Inflacja galopuje. Ceny nie rosły tak szybko od 20 lat, a oszczędności Polaków topnieją
Inflacja przybiera na sile i nic nie wskazuje na poprawę sytuacji.
Główny Urząd Statystyczny opublikował tzw. szybki szacunek wskaźnika cen towarów i usług, obejmujący sierpień. Wynika z niego, że ceny w gospodarce wzrosły o 5,4 proc. w porównaniu z analogicznym okresem ubiegłego roku.
Dane GUS nie są zaskoczeniem, bo analitycy przewidywali wysoką inflację, ale taki poziom przekroczył nawet ich oczekiwania. W stosunku do lipca tego roku ceny wzrosły w sierpniu o 0,2 proc.
Jak ceny wzrosły w poszczególnych kategoriach? Za żywność i napoje bezalkoholowe płacimy średnio o 3,9 proc. więcej, za energię 6,1 proc., a za paliwa aż o 28 proc. więcej.
Cel inflacyjny to 2,5 proc., a dopuszczalne odchylenie wynosi +/- 1 punkt procentowy.

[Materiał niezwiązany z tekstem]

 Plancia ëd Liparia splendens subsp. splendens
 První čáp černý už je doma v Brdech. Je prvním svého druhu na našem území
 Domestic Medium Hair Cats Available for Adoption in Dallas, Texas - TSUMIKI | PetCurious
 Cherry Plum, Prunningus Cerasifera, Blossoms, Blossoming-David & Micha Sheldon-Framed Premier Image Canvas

Mimo to Polska utrzymuje rekordowo niskie stopy procentowe, choć inne kraje regionu, jak Węgry i Czechy, zdecydowały się już na ich podniesienie.
RMF FM zwraca uwagę, że z tak wysoką inflacją nie mieliśmy do czynienia od 20 lat - w czerwcu 2001 roku wyniosła ona 6,2 proc., żeby miesiąc później spaść do 5,2 proc.
Wysoka inflacja w połączeniu z niskimi stopami procentowymi oznacza, że pieniądze trzymane w gotówce czy na lokacie bankowej tak naprawdę tracą na wartości, bo coraz mniej można za nie kupić.